Le 26, deux attaques-suicides revendiquées par l’organisation État islamique au Khorassan (EI-K) provoquent la mort d’une centaine de personnes devant l’aéroport de Kaboul, dont treize militaires américains et deux soldats britanniques. L’EI-K affirme avoir visé un « rassemblement de traducteurs et de collaborateurs » de l’armée américaine.
Le 28, les États-Unis mènent une frappe de drone contre des membres de l’EI-K spécialisés dans les engins explosifs, dans la province de Nangarhar, dans l’est du pays. Ils annoncent la mort de deux djihadistes.
Les 28 et 29, des manifestants réclament la réouverture des banques. Celles-ci exigent préalablement le déblocage des fonds de la banque centrale gelés par les États-Unis.
Le 29, les Américains effectuent une nouvelle frappe de drone, près de l’aéroport de Kaboul, affirmant viser un véhicule conduit par un kamikaze de l’EI-K. Dix civils sont tués.
Le 29 également, une centaine de pays, dont les États-Unis, l’Allemagne, la France et le Royaume-Uni, mais pas la Chine ni la Russie, publient un communiqué commun dans lequel ils affirment avoir « reçu des garanties de la part des talibans que tous les ressortissants étrangers, ainsi que tout citoyen afghan disposant d’une autorisation de voyager émise par [leurs] pays sera autorisé […] à quitter le pays.
Le 30, les derniers soldats américains quittent le pays, vingt-quatre heures avant la date prévue. Les talibans saluent leur départ par des manifestations de liesse.
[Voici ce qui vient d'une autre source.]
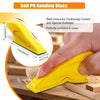 Yellow soft PU sanding discs and a yellow sanding tool being used on wood.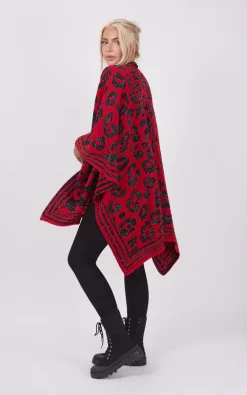 Coupon ???? Boutique Store Red And Black Animal Print Poncho One Size Fit (10 20) ❤️ -Aftershock London Shop unnamed file 1509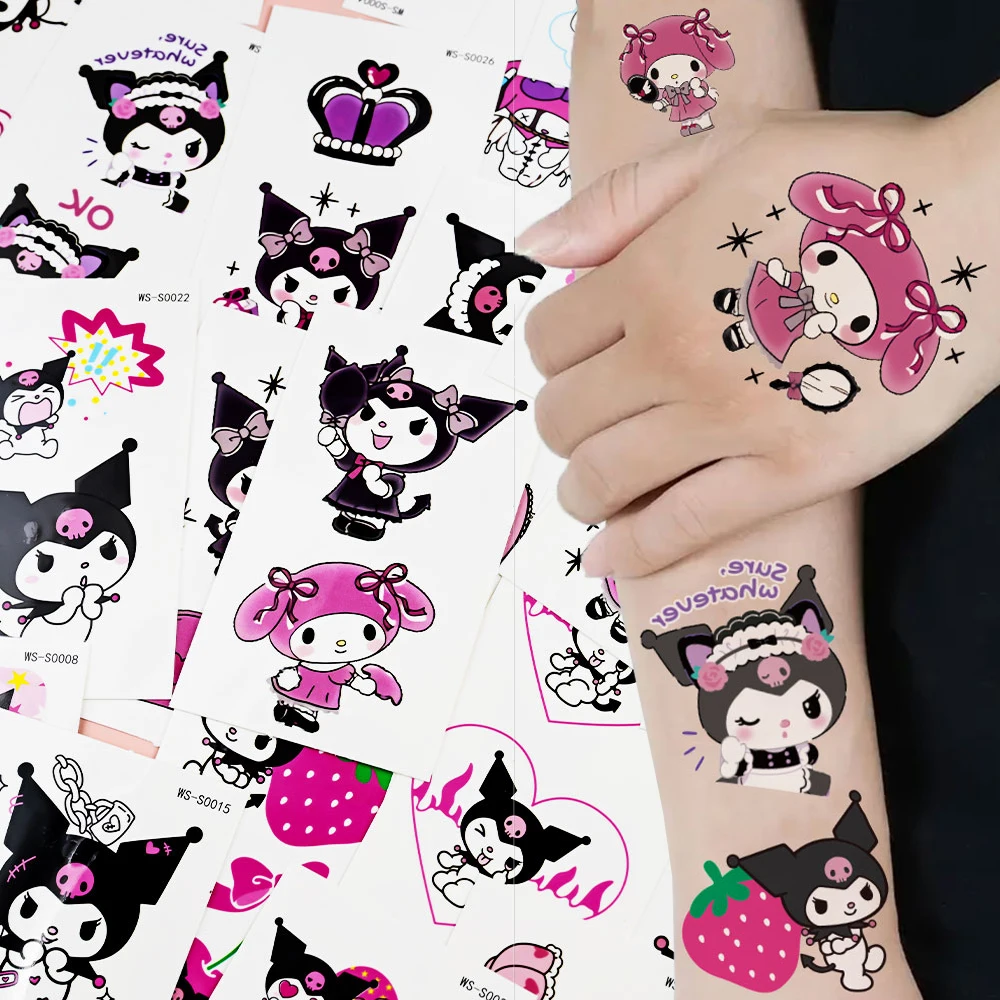 

30pcs Sanrio Melody Kuromi Tattoo Stickers Cute Girl Anime Decal Waterproof Lasting Tattoos Children Arm Body Art Tattoo Sticker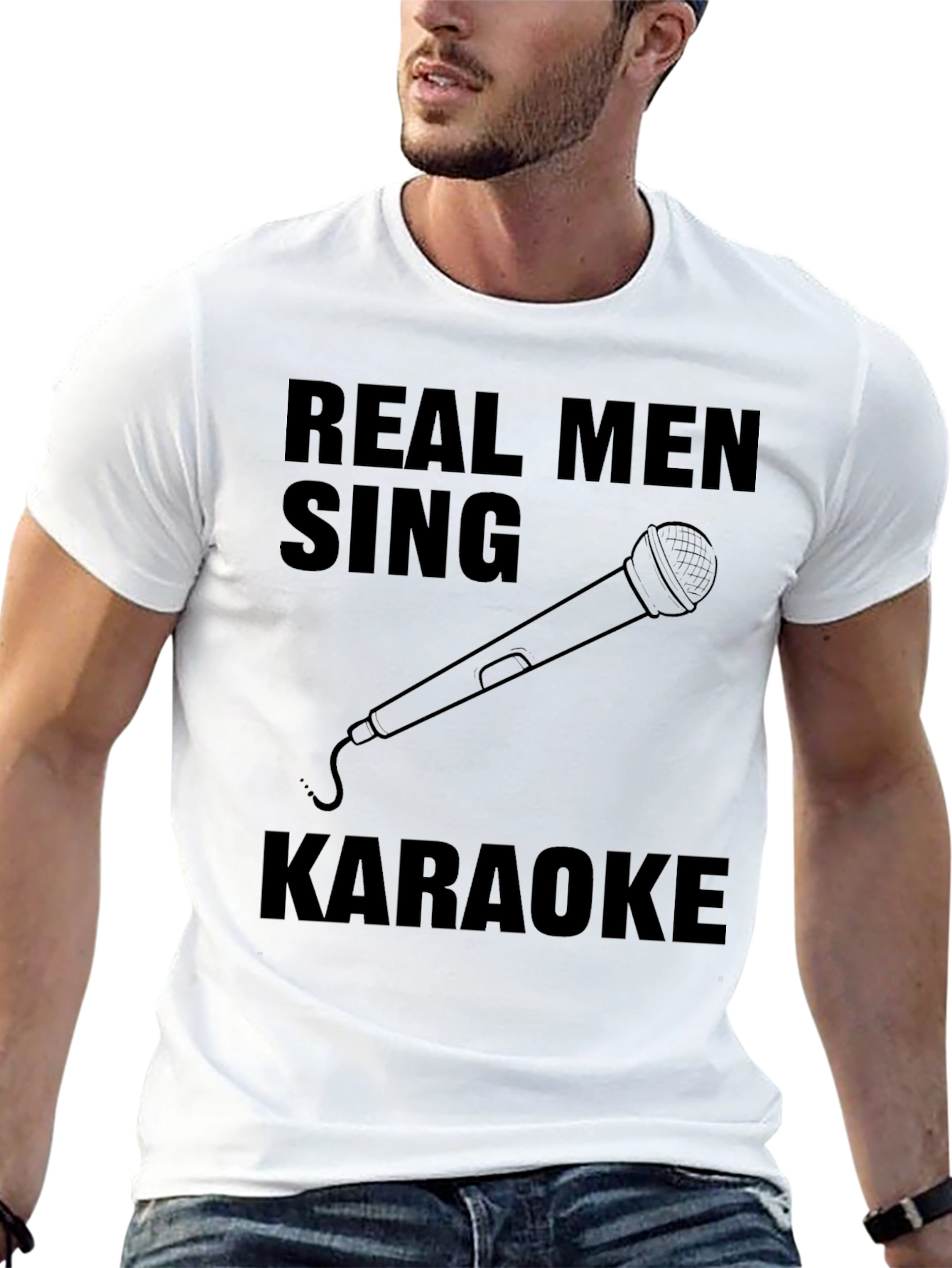 Black Real Men Sing Karaoke Graphic Tee - Black view 13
Le Conseil de sécurité des Nations unies adopte une résolution demandant aux talibans de respecter leurs engagements « en ce qui concerne le départ d’Afghanistan en toute sécurité des Afghans et des ressortissants étrangers ». La Chine et la Russie s’abstiennent.
Le 31, dans une nouvelle allocution solennelle, Joe Biden se félicite du « succès extraordinaire » du pont aérien mis en place pour évacuer les civils et évoque la nécessité de « mettre un terme à une ère d’opérations militaires majeures » et de changer de stratégie face à la menace terroriste.